The entries that follow should be written out exactly.

***** Data provided

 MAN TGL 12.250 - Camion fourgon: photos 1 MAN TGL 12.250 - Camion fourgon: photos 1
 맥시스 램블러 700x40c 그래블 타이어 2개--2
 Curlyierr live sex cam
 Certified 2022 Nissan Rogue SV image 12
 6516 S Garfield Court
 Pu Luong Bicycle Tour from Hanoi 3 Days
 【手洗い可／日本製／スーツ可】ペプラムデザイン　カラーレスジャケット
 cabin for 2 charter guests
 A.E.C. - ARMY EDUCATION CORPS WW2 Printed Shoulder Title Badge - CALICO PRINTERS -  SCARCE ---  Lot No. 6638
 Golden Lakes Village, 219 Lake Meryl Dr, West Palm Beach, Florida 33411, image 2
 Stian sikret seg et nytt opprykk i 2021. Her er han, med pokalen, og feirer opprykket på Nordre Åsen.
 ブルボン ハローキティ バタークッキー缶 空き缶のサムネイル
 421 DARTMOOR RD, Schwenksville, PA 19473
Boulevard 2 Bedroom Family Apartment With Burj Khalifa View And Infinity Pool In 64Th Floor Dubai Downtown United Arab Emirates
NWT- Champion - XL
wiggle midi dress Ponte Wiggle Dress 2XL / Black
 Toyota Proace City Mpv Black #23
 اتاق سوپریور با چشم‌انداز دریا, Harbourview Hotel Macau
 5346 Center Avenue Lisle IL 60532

**********

*Output of the task*.
 MAN TGL 12.250 - Camion fourgon: photos 1 MAN TGL 12.250 - Camion fourgon: photos 1
 맥시스 램블러 700x40c 그래블 타이어 2개--2
 Curlyierr live sex cam
 Certified 2022 Nissan Rogue SV image 12
 6516 S Garfield Court
 Pu Luong Bicycle Tour from Hanoi 3 Days
 【手洗い可／日本製／スーツ可】ペプラムデザイン　カラーレスジャケット
 cabin for 2 charter guests
 A.E.C. - ARMY EDUCATION CORPS WW2 Printed Shoulder Title Badge - CALICO PRINTERS -  SCARCE ---  Lot No. 6638
 Golden Lakes Village, 219 Lake Meryl Dr, West Palm Beach, Florida 33411, image 2
 Stian sikret seg et nytt opprykk i 2021. Her er han, med pokalen, og feirer opprykket på Nordre Åsen.
 ブルボン ハローキティ バタークッキー缶 空き缶のサムネイル
 421 DARTMOOR RD, Schwenksville, PA 19473
Boulevard 2 Bedroom Family Apartment With Burj Khalifa View And Infinity Pool In 64Th Floor Dubai Downtown United Arab Emirates
NWT- Champion - XL
wiggle midi dress Ponte Wiggle Dress 2XL / Black
 Toyota Proace City Mpv Black #23
 اتاق سوپریور با چشم‌انداز دریا, Harbourview Hotel Macau
 5346 Center Avenue Lisle IL 60532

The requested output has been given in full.